» What needs to be done
Repeat exactly, and only, the lines from the line bearing "Retrò vintage giovane" through the end of the material. Do not copy the pictures.

» Given material

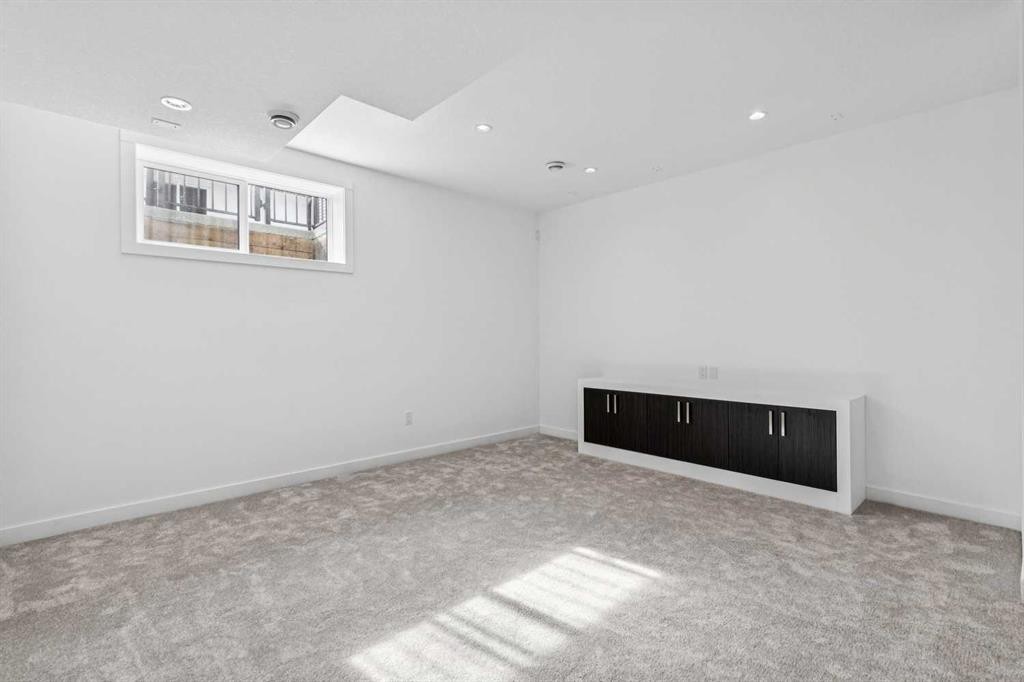 1765 7 Avenue Nw, Calgary, AB - Indoor Photo Showing Other Room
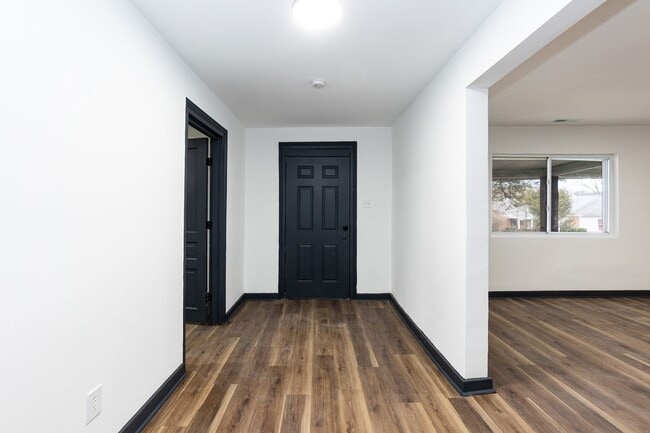 Building Photo - Spacious Three Bedroom Remodeled Home!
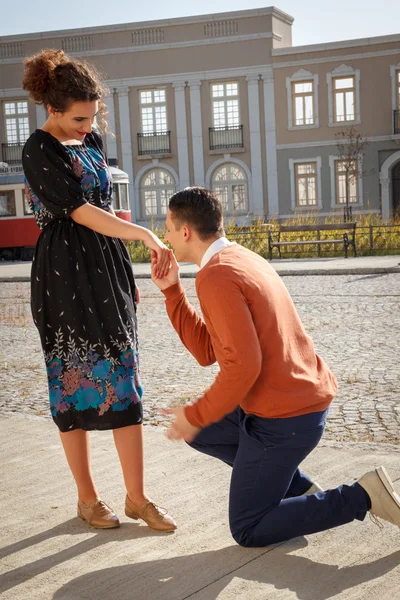 Retrò vintage giovane uomo inginocchiato e chiedendo ad una ragazza di sposarlo — Foto Stock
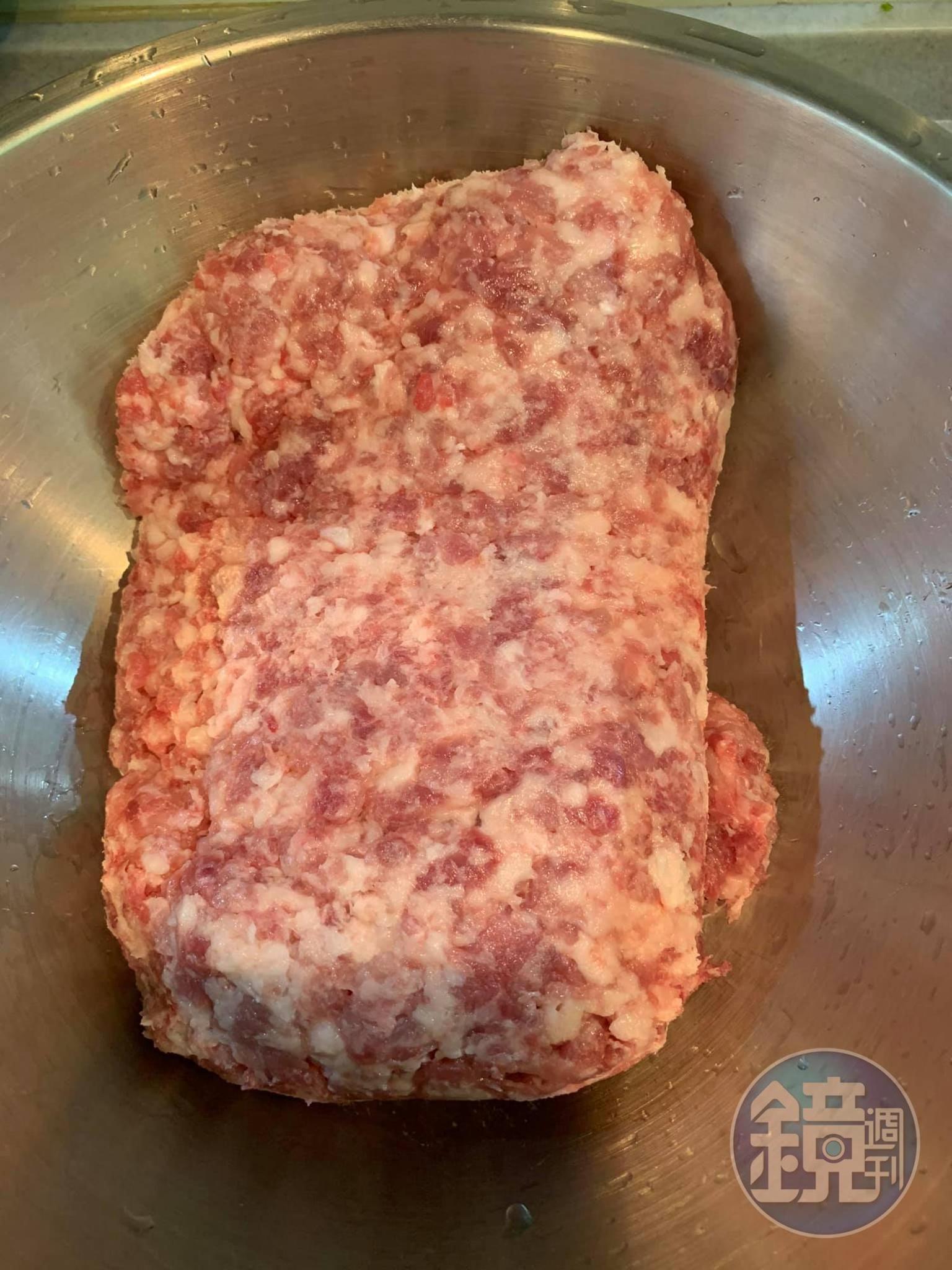 將豬絞肉放入大鐵盆。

» Task output
 Retrò vintage giovane uomo inginocchiato e chiedendo ad una ragazza di sposarlo — Foto Stock
 將豬絞肉放入大鐵盆。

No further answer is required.